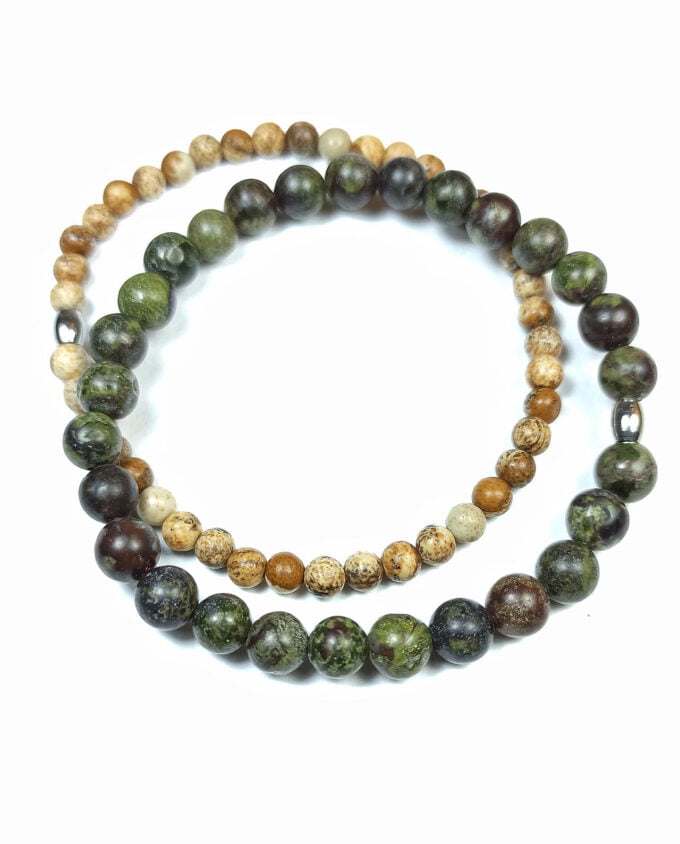 Pulseras de Jaspe Sangre de Dragón y Jaspe Madera - Imagen 2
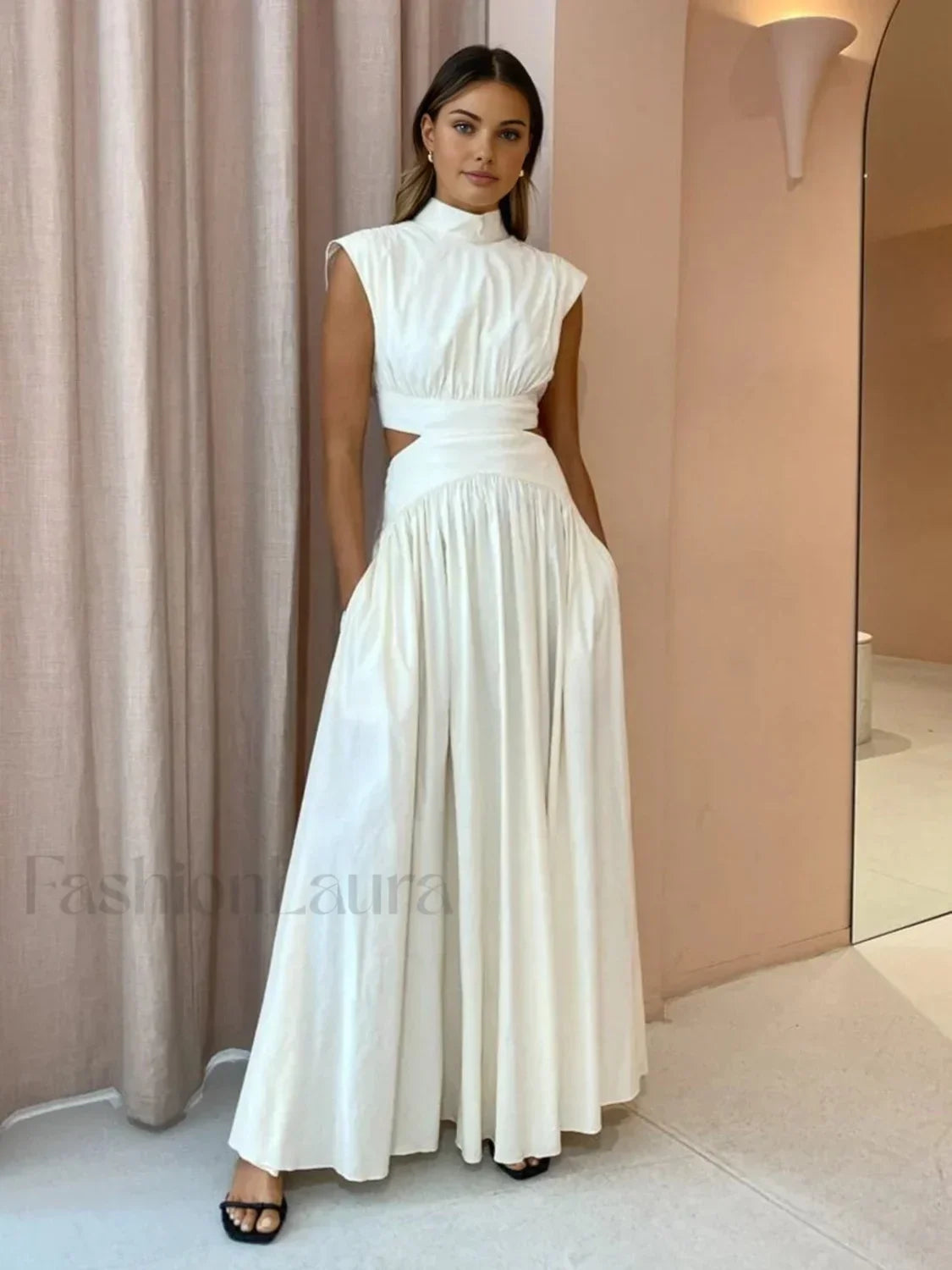 Mock Neck Cut Trendy Out Long Dress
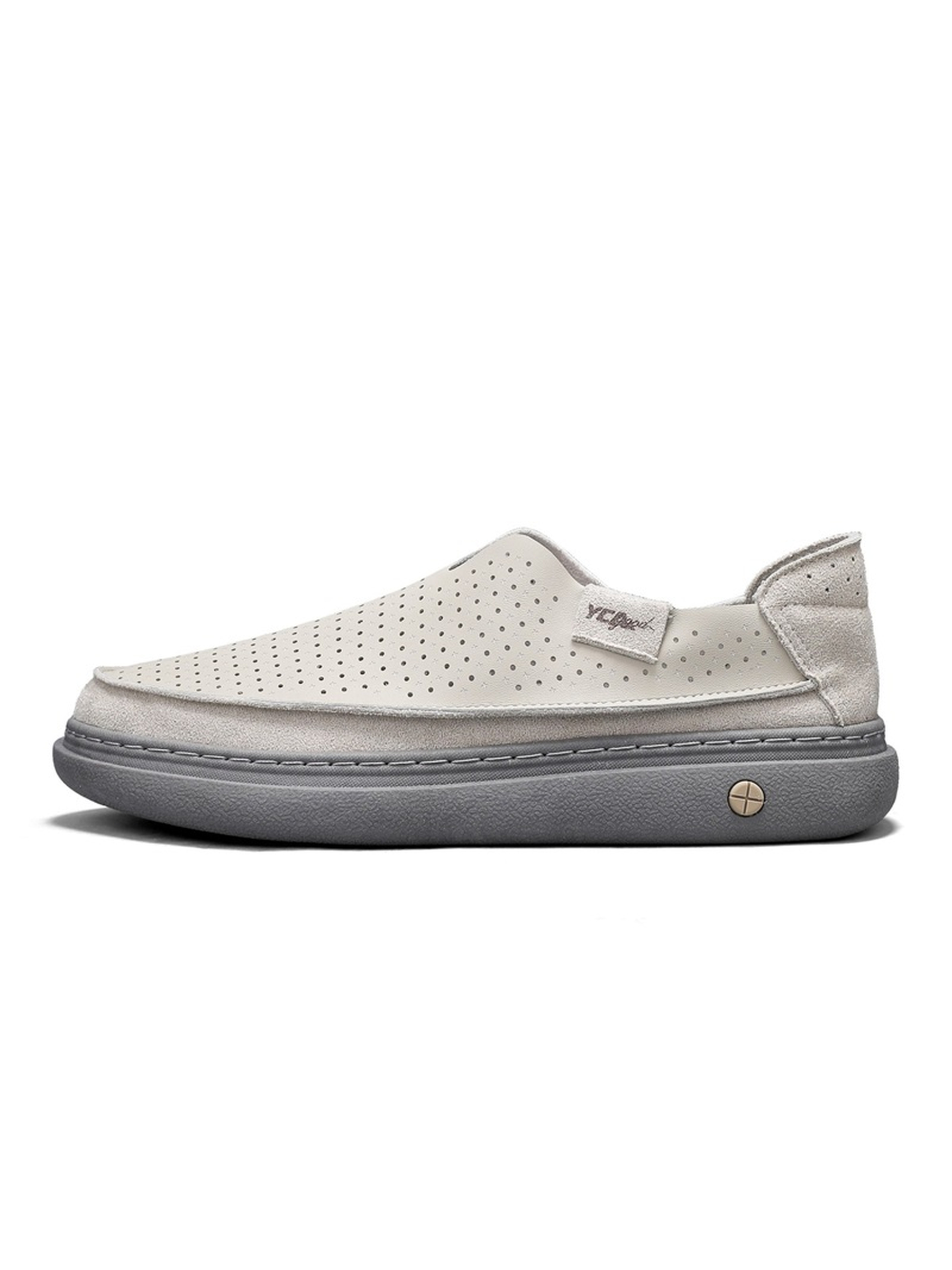Grey Breathable Slip-On Platform Loafers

· · · ·

Assignment
When you copy the listing, keep every line exactly as it is but leave out all images.

Output for this task
 Pulseras de Jaspe Sangre de Dragón y Jaspe Madera - Imagen 2
 Mock Neck Cut Trendy Out Long Dress
Grey Breathable Slip-On Platform Loafers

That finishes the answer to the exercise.